RX480: Poorly implemented throttling leads to GPU malfunction

Question asked by empty_knapsack on Nov 8, 2016
I've been developing GPGPU software for the last 8 years (and had plenty of posts within old devforums btw), used/tested tens of GPUs during this period but only newest RX480 is de facto non-usable from very beginning. With one specific GPU kernel my RX480 (Sapphire version with AMD's reference cooling system) starts producing incorrect results just in 20-30 seconds from the start. GPU Temperature goes from ~35C to 80C, then it jumps around 80C -- I guess drivers/hardware tries to keep GPU core at 80C but fails, so there are spikes up to 90C. After 10-20 minutes of such "work" whole system shutdowns.
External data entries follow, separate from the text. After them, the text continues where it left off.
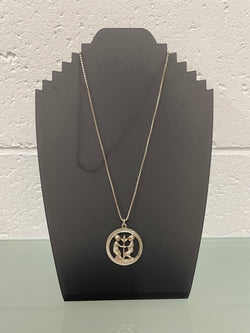 Vintage Sterling Silver Chain & Pendant | Antique & Vintage | Moonee Ponds Antiques | Australia Wide Delivery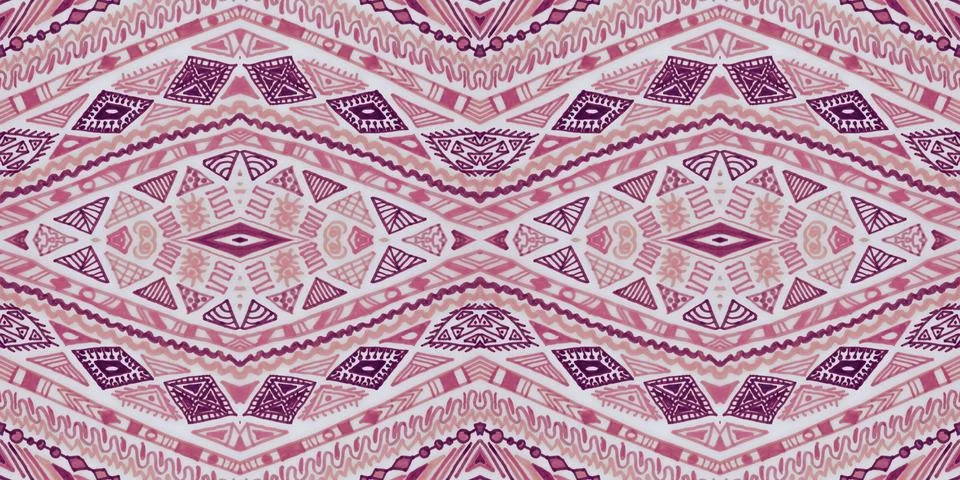 American pattern. Seamless ethnic background. Illustrazione stock
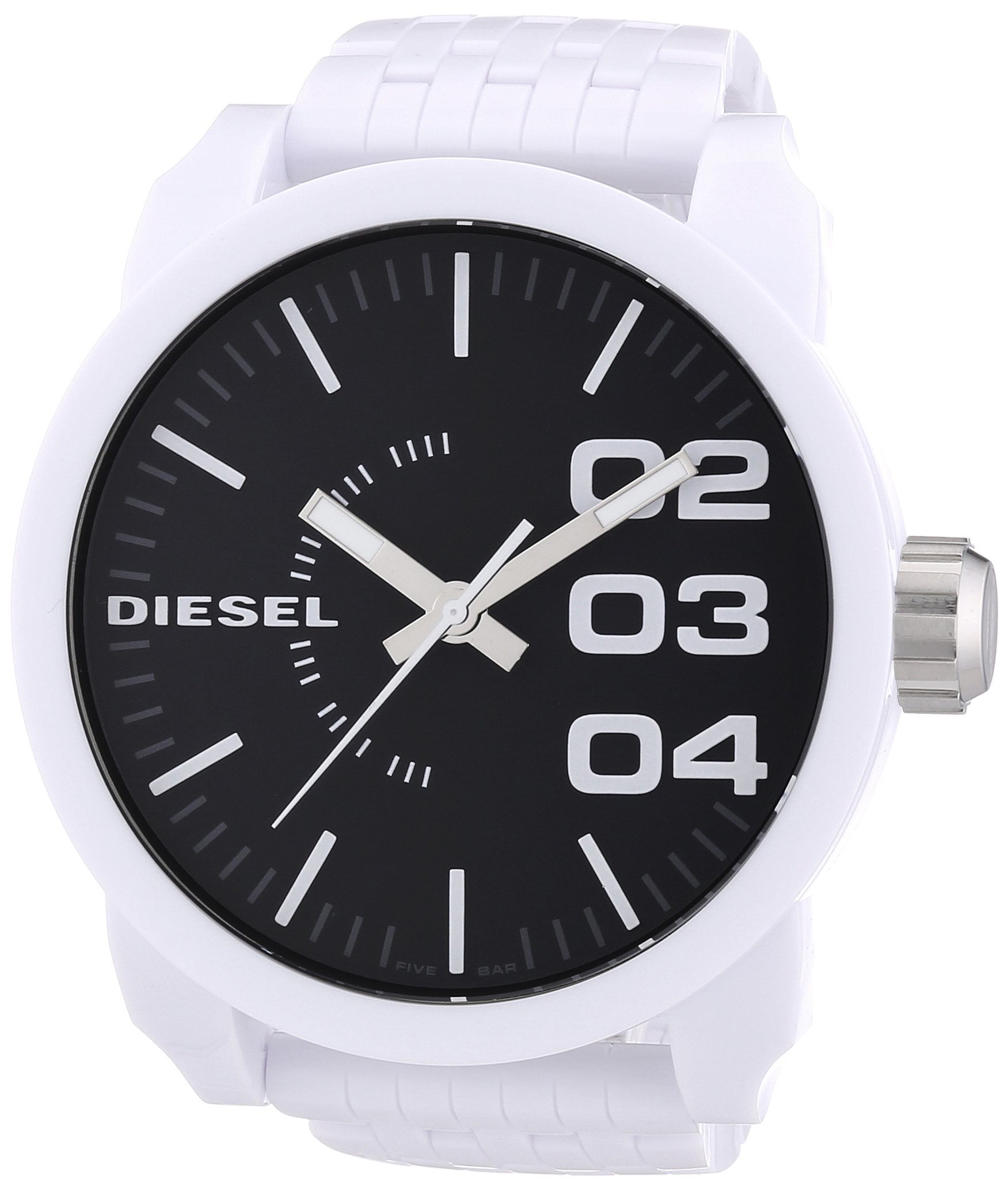 Diesel White Plastic Bracelet 50M Mens Watch - DZ1518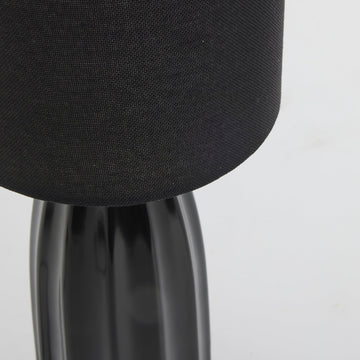 Sarah bordlampe H34xB14 cm. svart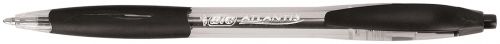 BIC Atlantis Retractable Ballpoint Pen 1.0mm Tip Black (12pk)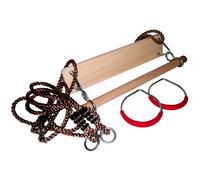 Ejercicio Set De Columpio Anillos Trapecio Madera Trapezoidales Torre Metal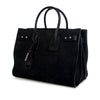 Secondhand Saint Laurent Small Croc Embossed Suede Sac De Jour Satchel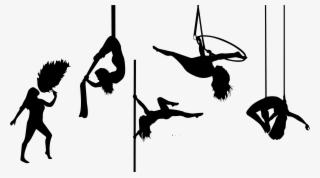 Pole Fitness And Aerial Arts Studio - Aerial Silhouette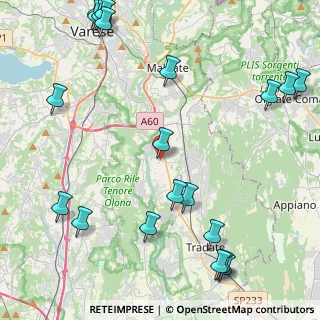 Mappa Via A.Volta, 21043 Castiglione Olona VA, Italia (5.9835)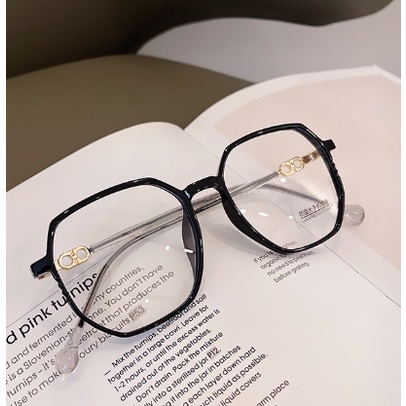 【COD Tangding】Tr Kacamata Fashion Gaya Korea Frame Bulat Untuk Pelajar Wanita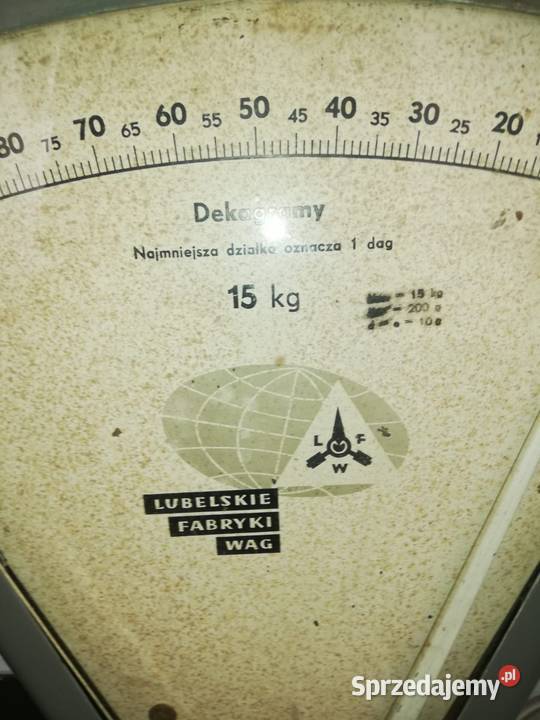 Waga Lubelskie Fabryki Wag Legnica sprzedam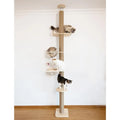 Height: 55.52-118.5 Inches Castle for Cats Scratcher Cat Tree Floor to Ceiling Natural Sisal Rope Scratching Post All Towers Pet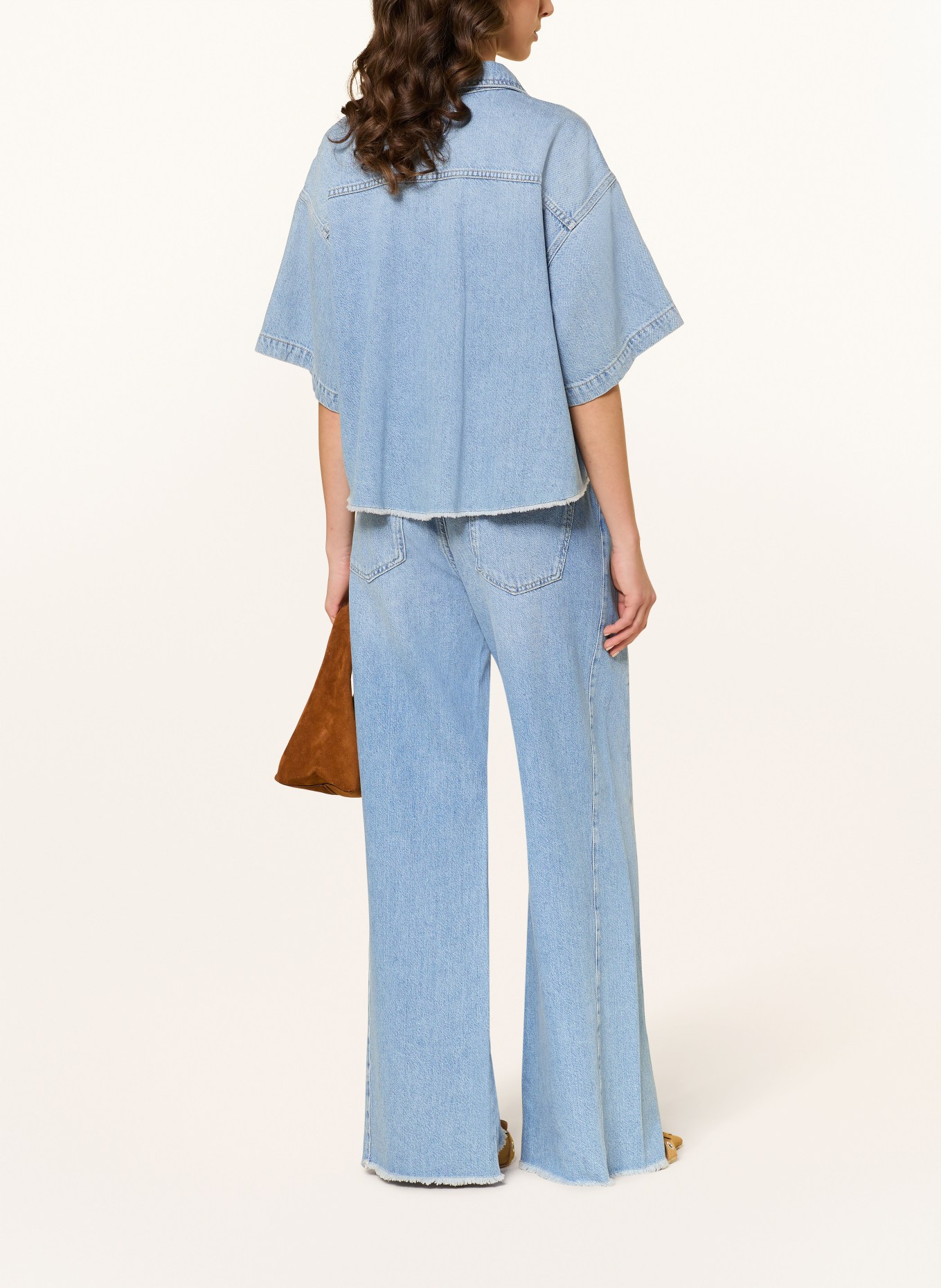 RAFFAELLO ROSSI Chemisier en jean ZURI: BLEU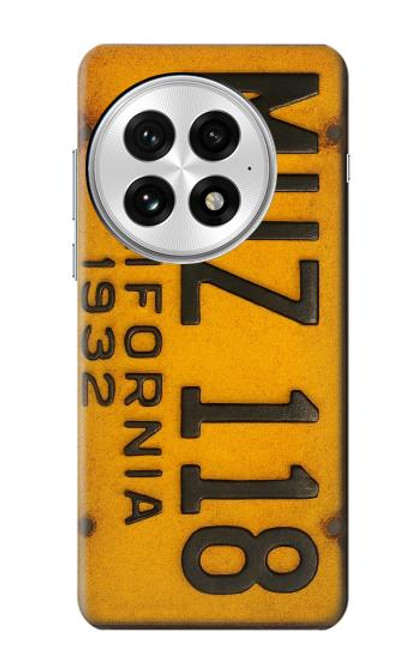 S4060 Vintage California Car License Plate Case For OnePlus 13
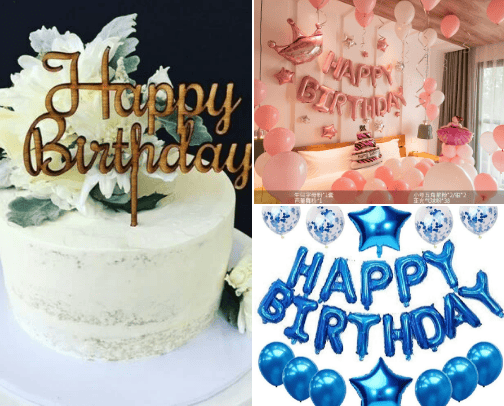 Birthday Supplies. cover photo collage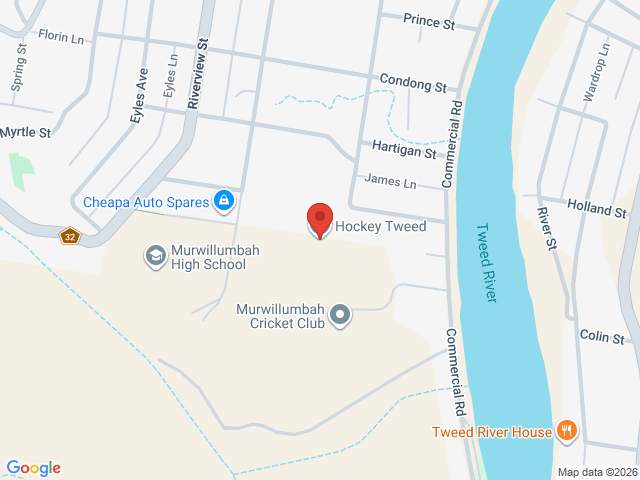 Map showing event location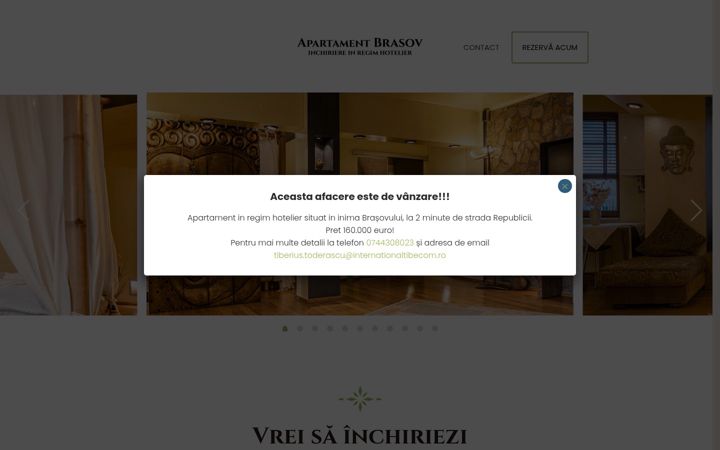 Screenshot of apartamentregimhotelierbrasov.ro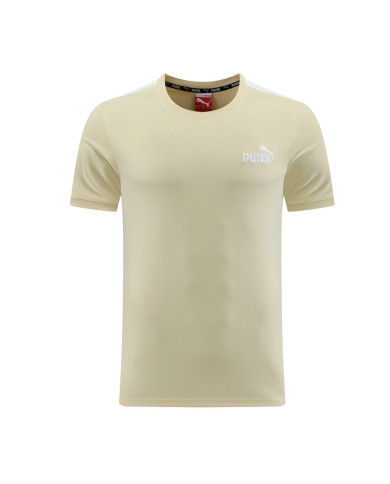 PUMA Short sleeved suit PD01 Apricot Pants Set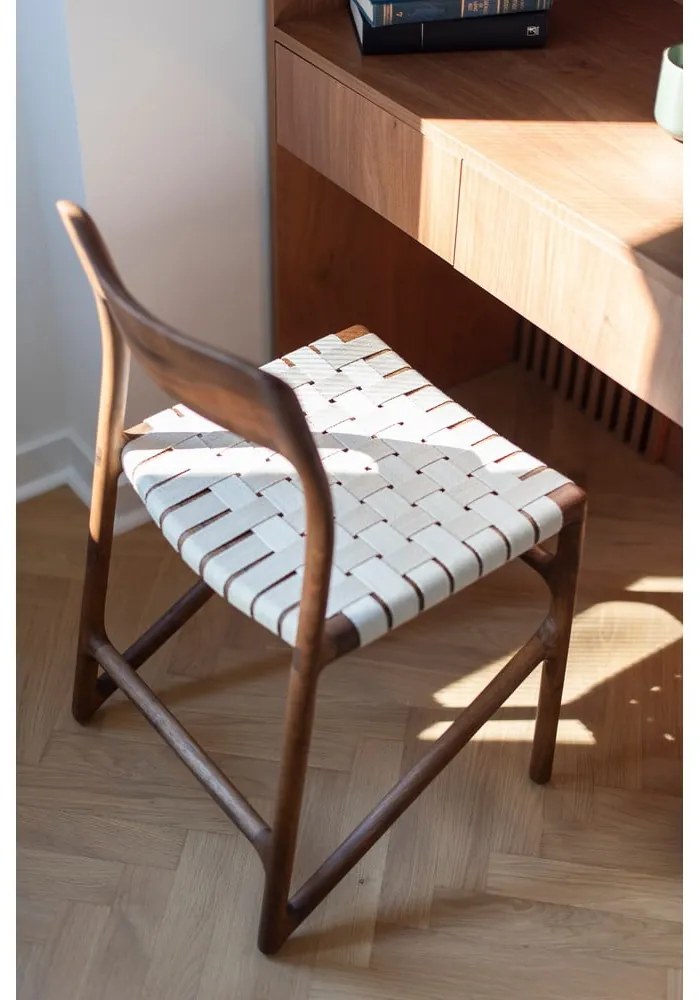 Hnedá/krémovobiela jedálenská stolička Fawn – Gazzda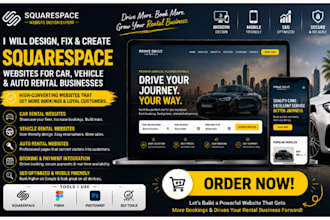 create fix squarespace car rental website vehicle rental website auto rental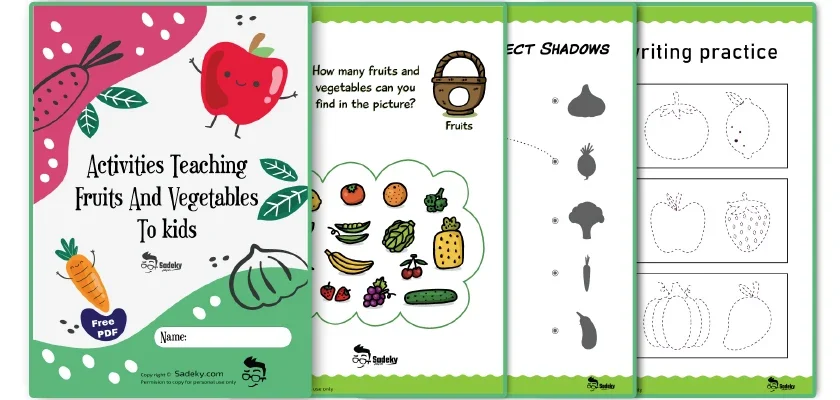Teaching Fruits And Vegetables To Preschoolers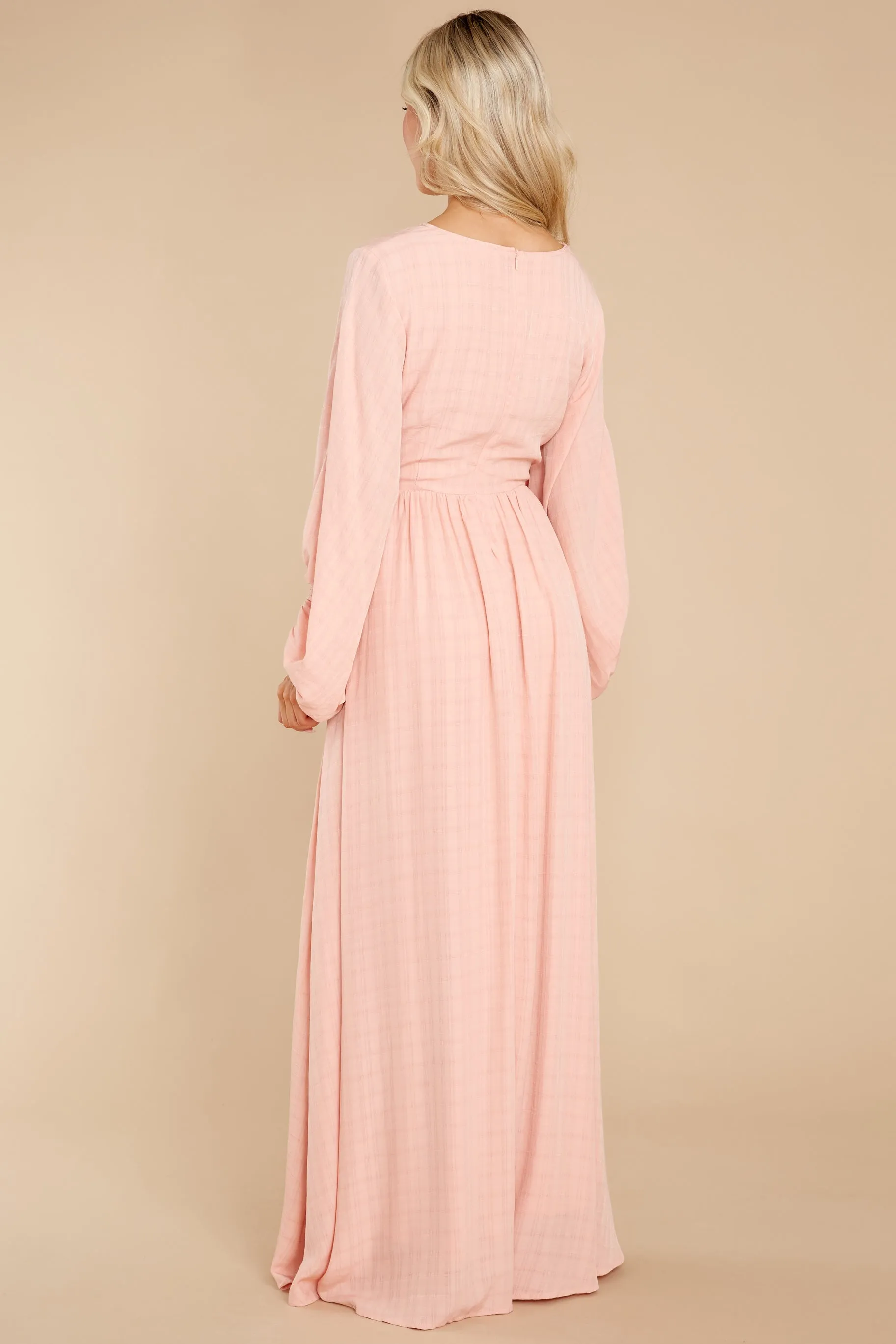 Going For This Peach Maxi Dress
Not sure is it GPU hardware decides to turn off everything or motherboard itself.


I've created a separate executable which contains all necessary kernels (kernel #2 causes problems, #1 and #3 works more or less stable) to recreate this situation which is available here:

Screenshot as example:


So, questions are:

1. Is this issue related to only my RX480 or it's common for all Polaris family GPUs?

2. Is there any way to downclock GPU core with current drivers? Back in 6990 days it was possible to tune GPU frequency and even power usage, now I see nothing useful in ATI control panel.

3. What is general recommendation to our users here? Avoid buying Polaris GPUs?